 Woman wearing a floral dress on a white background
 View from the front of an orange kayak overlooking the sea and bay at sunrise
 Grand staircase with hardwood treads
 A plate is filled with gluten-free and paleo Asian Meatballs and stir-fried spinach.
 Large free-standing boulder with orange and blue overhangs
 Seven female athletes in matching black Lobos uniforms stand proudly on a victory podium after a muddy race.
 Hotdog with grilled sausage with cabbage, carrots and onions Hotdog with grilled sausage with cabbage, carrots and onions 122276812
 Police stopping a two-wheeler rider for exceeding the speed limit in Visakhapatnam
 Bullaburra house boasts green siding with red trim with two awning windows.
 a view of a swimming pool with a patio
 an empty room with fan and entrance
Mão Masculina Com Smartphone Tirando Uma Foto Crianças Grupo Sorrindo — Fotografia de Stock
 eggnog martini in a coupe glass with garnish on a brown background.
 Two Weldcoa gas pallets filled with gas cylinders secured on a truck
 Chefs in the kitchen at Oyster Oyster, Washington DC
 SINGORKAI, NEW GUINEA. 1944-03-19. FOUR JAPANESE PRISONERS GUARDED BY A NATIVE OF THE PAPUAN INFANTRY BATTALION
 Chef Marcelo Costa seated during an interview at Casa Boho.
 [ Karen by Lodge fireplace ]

☆ ☆ ☆ ☆ ☆

Every line of the data that includes the word "background" should be copied.

◆ Task answer ◆
 Woman wearing a floral dress on a white background
 eggnog martini in a coupe glass with garnish on a brown background.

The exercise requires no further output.